Building the infrared telescope, however, could require an increase in NASA’s $150 million annual budget for planetary defense. Most of that money now goes to the Double Asteroid Redirection Test (DART) mission being built by Johns Hopkins University’s Applied Physics Laboratory in Laurel, Maryland. Set for launch in 2021, DART seeks to test whether it’s possible to deflect the path of an asteroid. It’s unclear whether congressional appropriators will follow NASA’s lead and also fund the new infrared telescope.

The mission also marks perhaps the first time that NASA has taken a mission proposal developed by an outside group for one its competitive science programs and proposed running it internally, Sykes says. The move could recast the role of Amy Mainzer, an astronomer at the University of Arizona in Tucson who has led NEOCam since it was first proposed, and her science team. Mainzer, who recently moved from JPL to the university’s Lunar and Planetary Laboratory, would have served as the mission’s principal investigator.

“I’m hearing [today’s news] at the same time as everyone else,” says Mainzer, who serves on NASA’s Planetary Science Advisory Committee, which is meeting today in Washington, D.C. “It sounds like NASA is interested in pursuing this, which I think is great. … It’s a problem worth solving.” The role that she and her university will play is not yet worked out, however.

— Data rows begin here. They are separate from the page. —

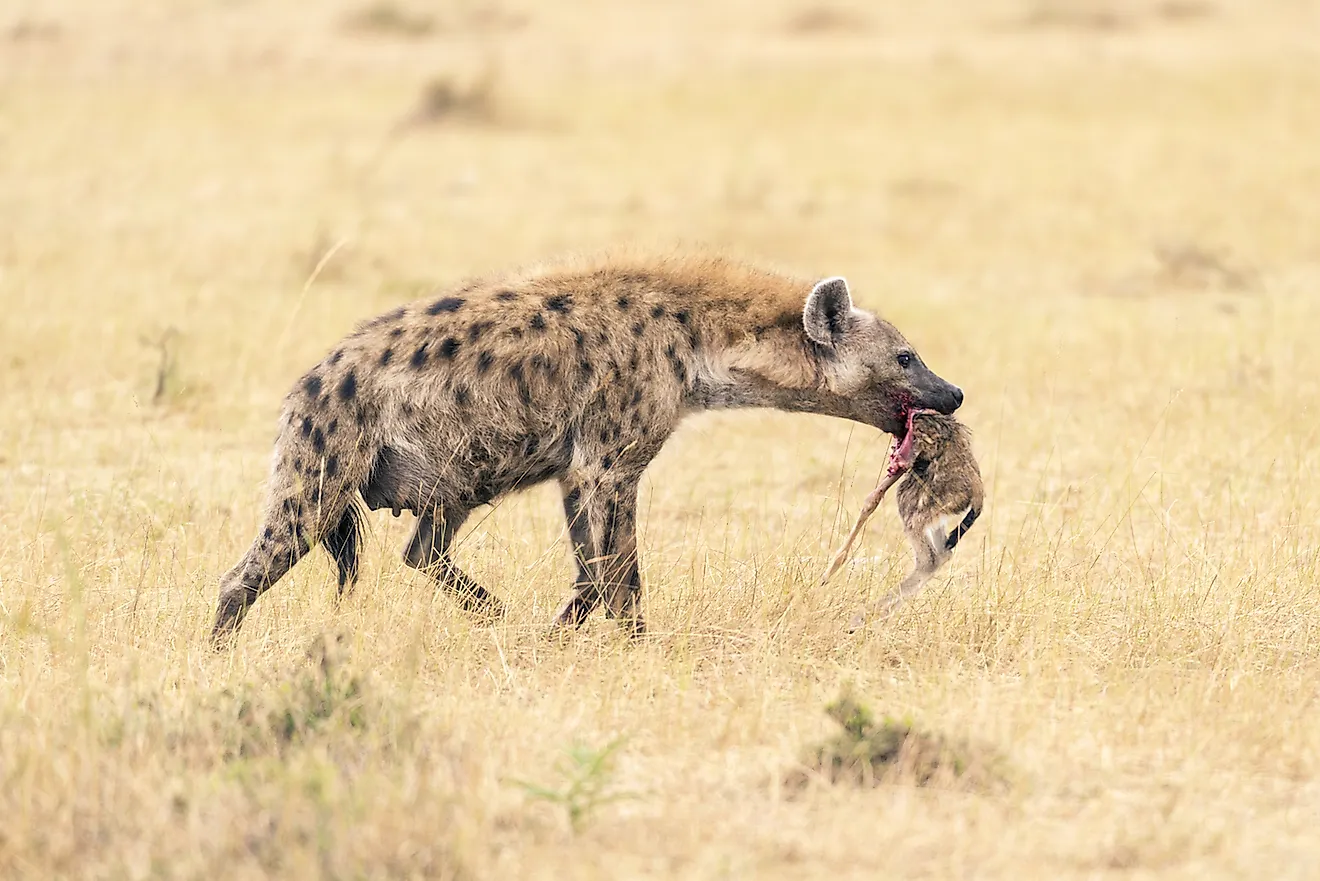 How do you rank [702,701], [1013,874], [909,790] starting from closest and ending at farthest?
[1013,874] < [909,790] < [702,701]

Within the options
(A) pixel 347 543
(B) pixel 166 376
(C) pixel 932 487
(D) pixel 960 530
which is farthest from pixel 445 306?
(B) pixel 166 376

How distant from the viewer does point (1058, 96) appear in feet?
56.0

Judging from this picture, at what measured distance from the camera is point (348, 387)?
15.7ft

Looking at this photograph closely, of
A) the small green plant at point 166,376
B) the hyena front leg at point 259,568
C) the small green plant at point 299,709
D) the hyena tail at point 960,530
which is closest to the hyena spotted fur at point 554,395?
the hyena front leg at point 259,568

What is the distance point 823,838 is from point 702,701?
993 mm

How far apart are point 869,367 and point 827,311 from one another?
0.69 ft

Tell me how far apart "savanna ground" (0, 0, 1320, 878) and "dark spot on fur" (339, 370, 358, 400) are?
611mm

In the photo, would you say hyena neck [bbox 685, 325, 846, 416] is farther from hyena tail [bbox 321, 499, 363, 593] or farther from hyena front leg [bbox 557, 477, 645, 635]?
hyena tail [bbox 321, 499, 363, 593]

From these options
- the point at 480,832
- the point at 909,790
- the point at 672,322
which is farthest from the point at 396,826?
the point at 672,322

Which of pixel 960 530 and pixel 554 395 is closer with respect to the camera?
pixel 554 395

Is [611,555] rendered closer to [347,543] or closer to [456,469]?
[456,469]

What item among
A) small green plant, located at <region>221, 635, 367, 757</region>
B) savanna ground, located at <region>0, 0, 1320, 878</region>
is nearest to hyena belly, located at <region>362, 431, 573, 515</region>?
savanna ground, located at <region>0, 0, 1320, 878</region>

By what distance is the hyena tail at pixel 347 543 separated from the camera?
Answer: 4.91 meters

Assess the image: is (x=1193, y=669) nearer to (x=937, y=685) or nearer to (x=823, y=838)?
(x=937, y=685) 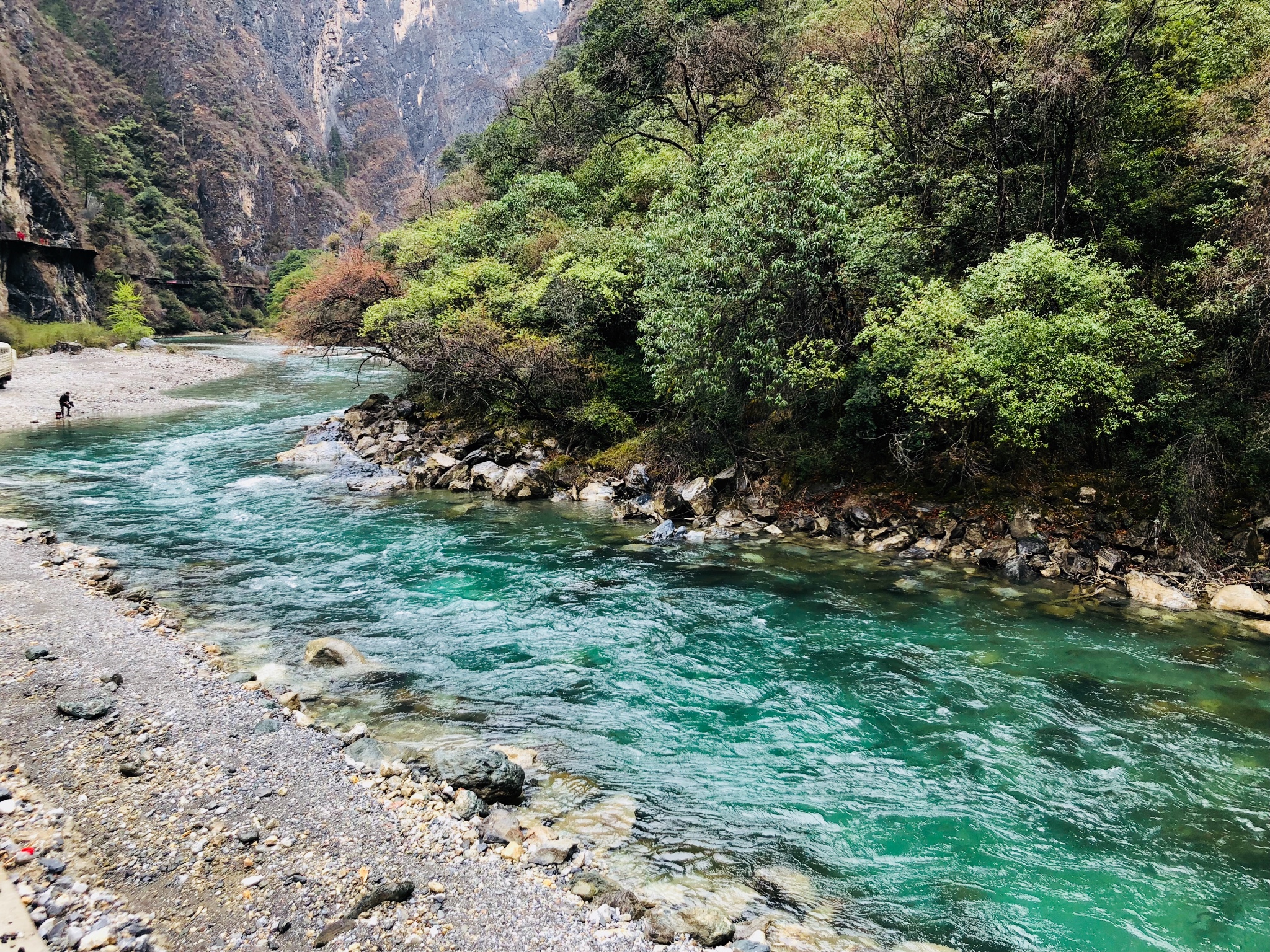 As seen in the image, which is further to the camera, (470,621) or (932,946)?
(470,621)

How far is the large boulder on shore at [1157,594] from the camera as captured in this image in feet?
34.6

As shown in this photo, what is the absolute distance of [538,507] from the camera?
56.9ft

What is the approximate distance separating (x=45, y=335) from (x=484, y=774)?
193ft

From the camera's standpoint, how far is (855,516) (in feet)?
47.0

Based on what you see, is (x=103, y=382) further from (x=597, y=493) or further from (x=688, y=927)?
(x=688, y=927)

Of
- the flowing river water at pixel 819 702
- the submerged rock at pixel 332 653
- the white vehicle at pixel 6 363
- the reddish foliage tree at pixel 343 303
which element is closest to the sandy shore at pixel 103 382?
the white vehicle at pixel 6 363

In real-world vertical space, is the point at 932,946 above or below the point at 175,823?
below

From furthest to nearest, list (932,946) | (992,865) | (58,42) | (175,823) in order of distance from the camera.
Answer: (58,42) < (992,865) < (175,823) < (932,946)

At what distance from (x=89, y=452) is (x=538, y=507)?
17205mm

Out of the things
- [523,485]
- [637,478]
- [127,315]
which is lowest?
[523,485]

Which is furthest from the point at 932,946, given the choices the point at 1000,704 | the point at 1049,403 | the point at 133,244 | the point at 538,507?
the point at 133,244

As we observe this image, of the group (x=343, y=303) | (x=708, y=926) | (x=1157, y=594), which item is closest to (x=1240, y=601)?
(x=1157, y=594)

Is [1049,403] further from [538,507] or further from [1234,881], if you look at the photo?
[538,507]

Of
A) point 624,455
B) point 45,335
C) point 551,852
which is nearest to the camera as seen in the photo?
point 551,852
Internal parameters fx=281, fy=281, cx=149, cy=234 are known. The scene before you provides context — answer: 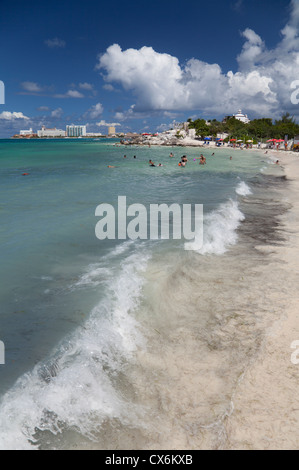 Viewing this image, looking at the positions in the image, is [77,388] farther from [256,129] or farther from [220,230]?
[256,129]

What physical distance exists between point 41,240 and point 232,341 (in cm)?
702

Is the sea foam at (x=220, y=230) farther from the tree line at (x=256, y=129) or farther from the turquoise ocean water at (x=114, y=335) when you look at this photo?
the tree line at (x=256, y=129)

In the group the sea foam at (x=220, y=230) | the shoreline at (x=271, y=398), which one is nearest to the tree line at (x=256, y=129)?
the sea foam at (x=220, y=230)

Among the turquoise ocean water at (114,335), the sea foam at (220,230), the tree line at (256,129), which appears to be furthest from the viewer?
the tree line at (256,129)

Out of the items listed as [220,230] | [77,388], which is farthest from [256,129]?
[77,388]

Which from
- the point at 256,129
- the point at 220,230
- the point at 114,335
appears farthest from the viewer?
the point at 256,129

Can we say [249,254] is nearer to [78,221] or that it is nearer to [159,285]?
[159,285]

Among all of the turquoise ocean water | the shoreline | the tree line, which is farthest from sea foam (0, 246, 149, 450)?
the tree line

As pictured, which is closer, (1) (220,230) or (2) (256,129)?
(1) (220,230)

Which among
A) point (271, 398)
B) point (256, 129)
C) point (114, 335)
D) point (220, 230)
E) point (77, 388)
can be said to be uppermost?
point (256, 129)

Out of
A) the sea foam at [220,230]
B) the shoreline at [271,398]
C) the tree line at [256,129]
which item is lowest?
the shoreline at [271,398]

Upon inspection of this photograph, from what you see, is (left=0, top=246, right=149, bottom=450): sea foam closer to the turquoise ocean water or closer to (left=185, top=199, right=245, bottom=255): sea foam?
the turquoise ocean water

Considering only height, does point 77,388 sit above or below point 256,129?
below

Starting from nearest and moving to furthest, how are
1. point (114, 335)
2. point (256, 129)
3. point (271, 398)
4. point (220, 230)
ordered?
point (271, 398) < point (114, 335) < point (220, 230) < point (256, 129) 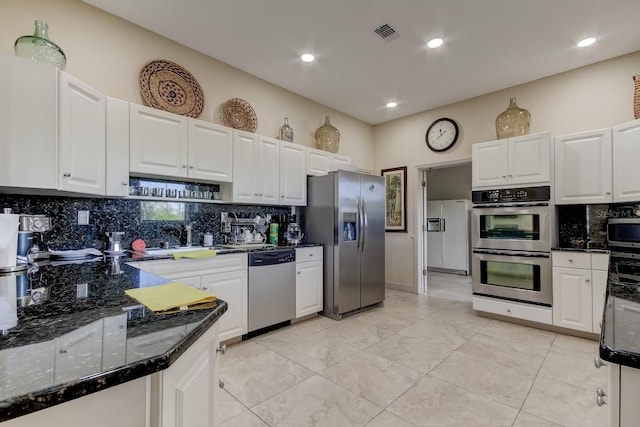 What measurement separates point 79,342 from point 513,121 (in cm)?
440

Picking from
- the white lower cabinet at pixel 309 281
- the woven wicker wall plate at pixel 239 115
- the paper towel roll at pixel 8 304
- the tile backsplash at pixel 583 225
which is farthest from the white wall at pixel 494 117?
the paper towel roll at pixel 8 304

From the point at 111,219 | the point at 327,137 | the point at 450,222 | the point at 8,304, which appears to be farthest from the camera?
the point at 450,222

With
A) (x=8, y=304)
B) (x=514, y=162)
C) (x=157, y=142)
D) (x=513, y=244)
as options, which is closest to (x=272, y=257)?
(x=157, y=142)

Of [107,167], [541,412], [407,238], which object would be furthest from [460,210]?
[107,167]

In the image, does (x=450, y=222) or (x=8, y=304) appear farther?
(x=450, y=222)

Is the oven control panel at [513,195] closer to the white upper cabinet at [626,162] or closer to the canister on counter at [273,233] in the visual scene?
the white upper cabinet at [626,162]

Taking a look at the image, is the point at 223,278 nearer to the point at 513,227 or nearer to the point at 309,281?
the point at 309,281

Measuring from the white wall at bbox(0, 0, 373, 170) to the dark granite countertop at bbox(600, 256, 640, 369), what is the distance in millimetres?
3435

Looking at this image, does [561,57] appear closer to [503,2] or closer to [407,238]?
[503,2]

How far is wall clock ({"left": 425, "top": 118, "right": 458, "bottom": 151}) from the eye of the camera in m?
4.42

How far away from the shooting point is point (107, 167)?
232cm

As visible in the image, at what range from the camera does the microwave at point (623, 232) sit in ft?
8.88

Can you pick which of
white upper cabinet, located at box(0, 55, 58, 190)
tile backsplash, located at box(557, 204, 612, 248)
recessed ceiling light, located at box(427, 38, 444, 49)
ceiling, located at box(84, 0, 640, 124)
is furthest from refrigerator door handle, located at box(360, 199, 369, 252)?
white upper cabinet, located at box(0, 55, 58, 190)

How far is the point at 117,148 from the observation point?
7.84ft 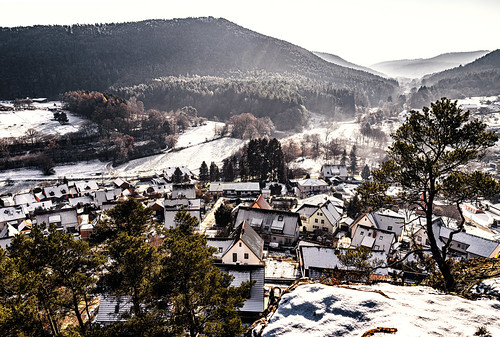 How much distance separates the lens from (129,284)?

Over the past 15 years, with NASA support, Mainzer’s team has refined the electronics and sensors that will power the telescope. Unlike a predecessor infrared telescope, the Wide-field Infrared Survey Explorer (WISE), NEOCam sensors will be able to operate without active refrigeration when parked at L1, a stable vantage point balanced between the gravity of Earth and the sun. Engineers, meanwhile, have dramatically lowered the “dark currents” of its detectors, spurious noise that occurs when the detectors are operated even in pitch black conditions.

Not everyone has been a fan of NEOCam’s plans. Nathan Myhrvold, a billionaire technologist and former Microsoft chief technology officer in Bellevue, Washington, has faulted the statistics used by Mainzer and others to generate asteroid diameters from observations of the WISE instrument, among other issues. The congressional mandate, passed in 2005, that NEOCam was designed to solve also seems increasingly irrelevant. One change is that researchers now think asteroids smaller than 140 meters in diameter also pose potentially serious threats to Earth, in part because they could generate damaging tsunamis. “The goal as defined [by Congress] does not represent any sort of a threshold that amounts to success if you achieve it versus failure if you don’t,” says Alan Harris, a planetary scientist at MoreData in La Canada, California. “It’s just a random benchmark on the field of play.”

The decision by NASA to pursue the telescope comes after an embarrassing episode this summer, reported earlier this month by BuzzFeed. The agency and ground-based telescopes failed to identify, until the last minute, a slow-moving, football field–size asteroid, named 2019 OK, that passed just 65,000 kilometers from Earth. It’s unclear whether NEOCam would have detected that asteroid, though it is expected to study asteroids under the 140-meter threshold, as well.

It is a good move by NASA to move the telescope out of its science funding portfolio, Harris adds. Planetary scientists have doubted NEOCam would yield important new research, a suspicion that likely derailed it in past competitions. That doesn’t make getting this data less worthwhile for society, however, Melosh says. “It’s something that we really need to do,” he says. “It may not be absolutely the best science, but there’s more to life than scientific knowledge.”

This is a developing story.